* **Exercise**
Of the lines listed below, return exactly those that run from the line containing "4216 Creede Way" through the line containing "Yeşilyurt'ta öğrencilere Kur'an-ı", both included.

[Scraped caption text data]

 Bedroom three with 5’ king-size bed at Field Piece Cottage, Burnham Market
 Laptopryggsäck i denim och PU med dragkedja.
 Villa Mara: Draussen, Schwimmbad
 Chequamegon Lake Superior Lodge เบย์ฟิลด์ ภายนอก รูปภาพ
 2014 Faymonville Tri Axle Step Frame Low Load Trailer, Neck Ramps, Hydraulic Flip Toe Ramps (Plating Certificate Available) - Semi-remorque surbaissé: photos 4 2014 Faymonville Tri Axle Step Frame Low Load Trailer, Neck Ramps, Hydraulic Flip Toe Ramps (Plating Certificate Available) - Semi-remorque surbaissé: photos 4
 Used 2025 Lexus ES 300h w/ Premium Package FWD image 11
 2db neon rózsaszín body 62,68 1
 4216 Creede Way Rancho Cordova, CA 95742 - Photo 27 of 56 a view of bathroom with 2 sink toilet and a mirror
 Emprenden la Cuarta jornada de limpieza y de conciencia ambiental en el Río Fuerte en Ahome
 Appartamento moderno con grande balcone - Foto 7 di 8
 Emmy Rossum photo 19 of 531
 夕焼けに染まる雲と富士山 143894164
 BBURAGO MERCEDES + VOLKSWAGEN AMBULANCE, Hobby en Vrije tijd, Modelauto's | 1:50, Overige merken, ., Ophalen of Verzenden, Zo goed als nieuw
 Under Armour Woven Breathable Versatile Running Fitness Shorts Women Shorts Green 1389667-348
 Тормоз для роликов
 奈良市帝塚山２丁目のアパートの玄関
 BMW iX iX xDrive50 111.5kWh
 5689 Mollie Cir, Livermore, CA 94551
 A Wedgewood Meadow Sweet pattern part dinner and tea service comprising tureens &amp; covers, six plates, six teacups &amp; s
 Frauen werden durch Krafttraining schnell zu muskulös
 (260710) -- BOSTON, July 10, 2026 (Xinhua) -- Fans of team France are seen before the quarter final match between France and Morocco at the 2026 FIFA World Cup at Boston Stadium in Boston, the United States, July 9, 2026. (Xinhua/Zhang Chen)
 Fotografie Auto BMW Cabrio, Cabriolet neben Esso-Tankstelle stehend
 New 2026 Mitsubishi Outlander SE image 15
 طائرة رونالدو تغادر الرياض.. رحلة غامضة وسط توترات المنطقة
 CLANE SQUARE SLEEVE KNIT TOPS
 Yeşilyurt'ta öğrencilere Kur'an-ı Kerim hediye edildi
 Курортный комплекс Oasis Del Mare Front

* **Exercise solution**
 4216 Creede Way Rancho Cordova, CA 95742 - Photo 27 of 56 a view of bathroom with 2 sink toilet and a mirror
 Emprenden la Cuarta jornada de limpieza y de conciencia ambiental en el Río Fuerte en Ahome
 Appartamento moderno con grande balcone - Foto 7 di 8
 Emmy Rossum photo 19 of 531
 夕焼けに染まる雲と富士山 143894164
 BBURAGO MERCEDES + VOLKSWAGEN AMBULANCE, Hobby en Vrije tijd, Modelauto's | 1:50, Overige merken, ., Ophalen of Verzenden, Zo goed als nieuw
 Under Armour Woven Breathable Versatile Running Fitness Shorts Women Shorts Green 1389667-348
 Тормоз для роликов
 奈良市帝塚山２丁目のアパートの玄関
 BMW iX iX xDrive50 111.5kWh
 5689 Mollie Cir, Livermore, CA 94551
 A Wedgewood Meadow Sweet pattern part dinner and tea service comprising tureens &amp; covers, six plates, six teacups &amp; s
 Frauen werden durch Krafttraining schnell zu muskulös
 (260710) -- BOSTON, July 10, 2026 (Xinhua) -- Fans of team France are seen before the quarter final match between France and Morocco at the 2026 FIFA World Cup at Boston Stadium in Boston, the United States, July 9, 2026. (Xinhua/Zhang Chen)
 Fotografie Auto BMW Cabrio, Cabriolet neben Esso-Tankstelle stehend
 New 2026 Mitsubishi Outlander SE image 15
 طائرة رونالدو تغادر الرياض.. رحلة غامضة وسط توترات المنطقة
 CLANE SQUARE SLEEVE KNIT TOPS
 Yeşilyurt'ta öğrencilere Kur'an-ı Kerim hediye edildi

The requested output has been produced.